Pattern validation markers show where the system detected candlestick patterns, what bias they suggest, and how confidently. The inspector panel on the right shows the full evidence chain for the selected candle — from raw OHLCV data all the way to the confluence score.
The dashboard connects to a FastAPI backend that serves data from the Parquet and SQLite stores. Multiple display modes, multiple scene types, settings persistence.
What I Learned
Building a trading system taught me more about software engineering than any other project. Not because the code is complex — the backtest engine is a few hundred lines — but because the consequences of being wrong are immediate and measurable. A bug in a web app shows a broken layout. A bug in a backtester shows a profitable strategy that doesn’t exist.
The deeper lesson is about intellectual honesty. Every version felt like the right approach at the time. Every version was wrong about something fundamental. The skill isn’t avoiding mistakes — it’s building systems that surface mistakes as quickly and cheaply as possible, before they matter.
Building for AI — the architecture that made everything work
The single most impactful decision in Synergy wasn’t a trading insight — it was an architectural one. I built the entire system to be readable and navigable by both humans and AI agents. This is the pattern I now use in every project.
Every layer has a README that explains its purpose, its boundaries, and its rules. The core layer holds all contracts, protocols, domain models, and domain errors. It has zero external dependencies — standard library only. It shouldn’t be touched unless there’s a clear, documented reason. Because Claude Code understands this boundary, it almost never modifies core types. The result: code works on the first run, consistently.
The docs layer tracks everything versioned. Fourteen version documents, each with its own steps and decisions log. A global roadmap shows where the project has been and where it’s going. Every decision that gets made — technical, strategic, or architectural — gets an entry in decisions.md with the reasoning behind it. Every version gets a code quality audit and a check against the project’s vision.

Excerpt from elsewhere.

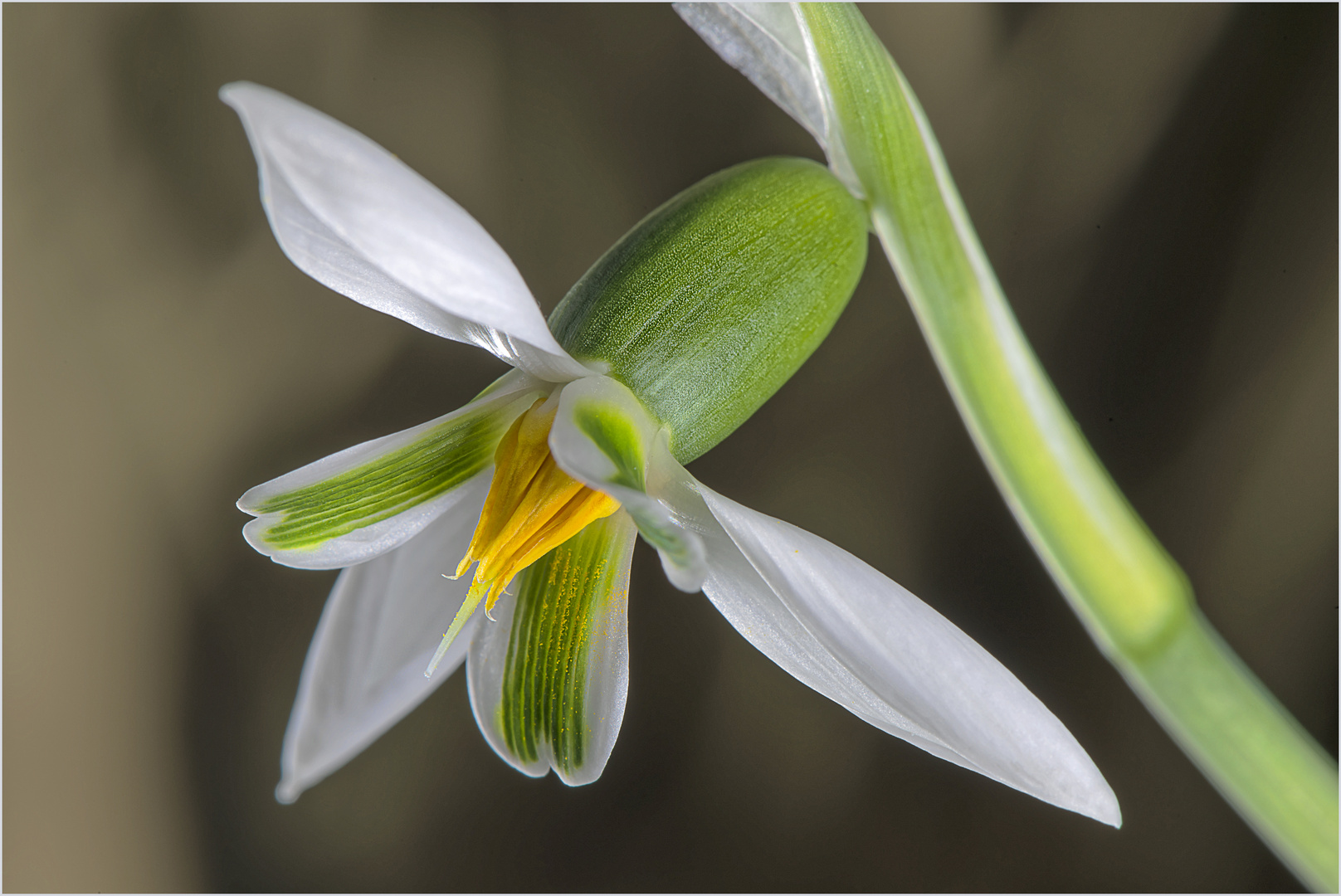 Schneeglockchen Foto Bild Natur Nahaufnahme Fruhbluher Bilder Auf Fotocommunity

Index files are the navigation system. Each layer has an index that lists every file, every function signature, all dependencies, and all policies (rules that must not be violated). When Claude needs to find code, it doesn’t grep the entire codebase — it reads the index. When it changes something, the index tells it what else might break and what constraints apply.
Because indexes can get large, a router sits on top: “if you’re working in this domain, look at these specific files.” This keeps context small and focused. The AI doesn’t need to load the entire system into memory to make a targeted change.
Usage instructions live in each layer’s index. Before computing metrics, go here. When running backtests, call this. When building strategies, start there. These instructions mean Claude doesn’t just know what the code does — it knows how the code is meant to be used. If it changes one component, it knows which other components depend on it and how to avoid breaking them.
The infra layer is purely about communication — how Synergy talks to the outside world (exchange APIs) and how components talk to each other. The app layer is pure orchestration — it decides what to run, when, and with which components. Entrypoints wire everything together.
This architecture isn’t just clean code practice. It’s what makes it possible to build a system of this complexity with an AI collaborator. The AI never gets lost, never violates boundaries it shouldn’t, and never makes changes that cascade into breakage — because the architecture tells it, explicitly, what’s safe to touch and what isn’t.
Eight versions, fourteen documented iterations, thousands of experiment runs — and the codebase is still clean, navigable, and extensible. That’s the real engineering achievement.
Where It Stands
Synergy is a fully operational research platform with thousands of experiment runs, a validated strategy in live paper trading, and a structured pipeline for continued research. The gap between “research” and “live trading” is one module — order execution.
The real deliverable was never the strategy. It’s the engine, the methodology, and the discipline of proving things before believing them.